Bloody men on trains- manspreading!!!

98 replies

Plankingplanks · 16/05/2023 21:19

I have twice been given the rage today by men on the train manspreading!! Get on train first thing, got an urgent piece of work to do. Take one of the only seats on the train at a table. Guy opposite me is on his laptop taking up 3/4 of the width of the table. I get my laptop out, put it on the edge of the table about 50% on and can't bloody we'll use it because his is taking up most of the room and the lid of it is tipped back across half the rest of the table. I ask him to move it back a bit. He looks at me and moves his maybe an inch, so I'm forced to work at a strange angle whilst surreptitiously using my lid to push his back while he is on his bloody phone, not even using the goddamned laptop!!

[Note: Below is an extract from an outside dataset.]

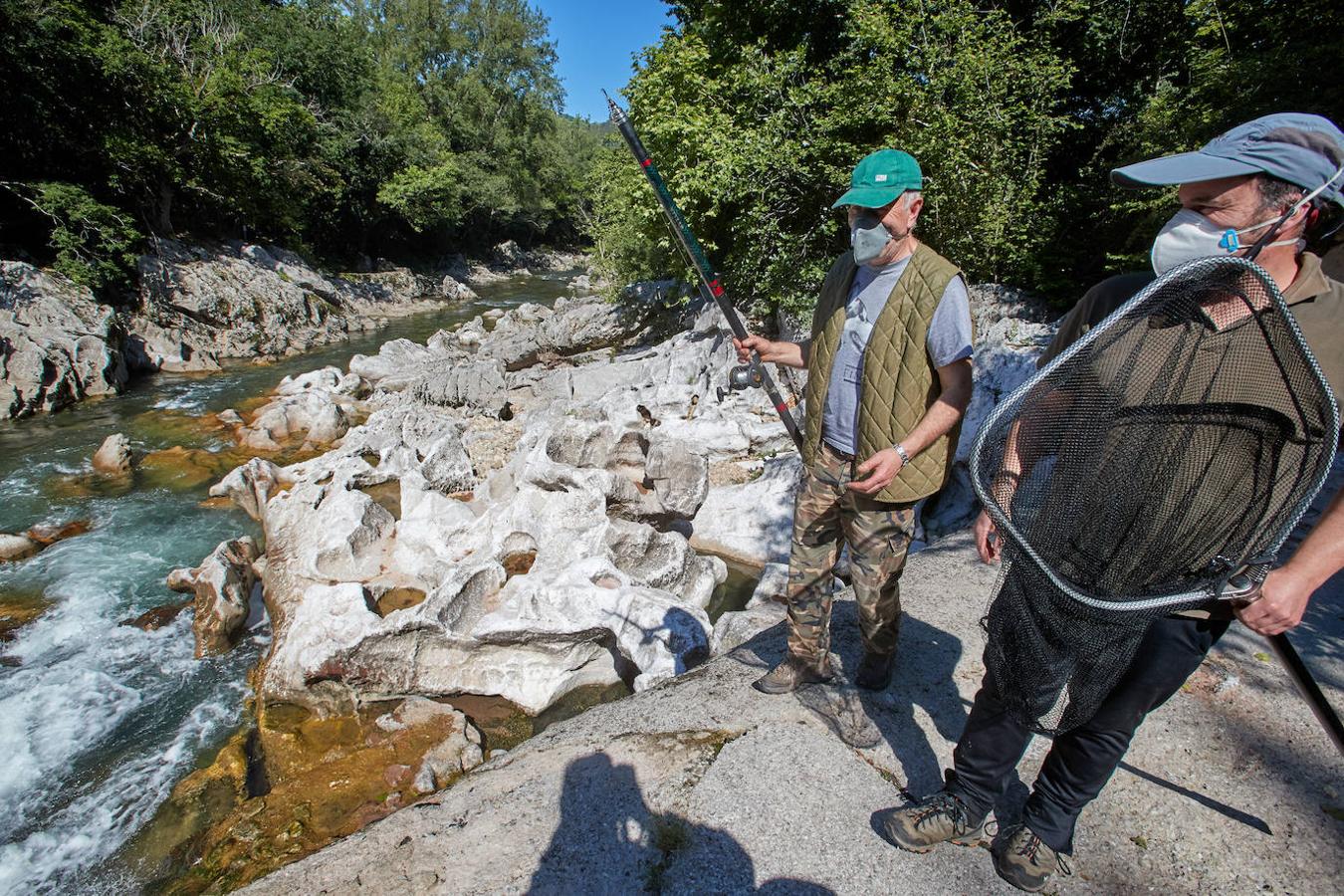 Fotos: Los pescadores vuelven a los ríos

Then I get on the train home. Men and women everywhere with their bags nicely seated on the seat next to them whilst people are having to stand!!

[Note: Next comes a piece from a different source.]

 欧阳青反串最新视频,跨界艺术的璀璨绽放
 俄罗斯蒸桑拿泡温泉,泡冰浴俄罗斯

Spot an empty seat. Make my way to it to find a man seated diagonally across two seats with his leg (only one) across the footwell of the empty seat. He looks at me as I go to sit down, and doesn't move his legs at all!! I sit down, and say excuse me, and he moved his foot back slightly! He is still taking up nearly half my foot space.
So I move my feet and ask him to move again. He moves slightly again and now my leg is touching his leg pushing him back into his space. Still he doesn't ducking get in his own chair!!

Eventually, I turned to him and said "do you have a disability that required you to sit taking up two spaces? Because this is the third time I've asked you to move your legs out of my space and they are still there!" His response was to move his leg to the exact edge of his seat and then spend the rest of the journey, pushing his leg into mine!

Wtf is it with these men? Do they get turned on by it?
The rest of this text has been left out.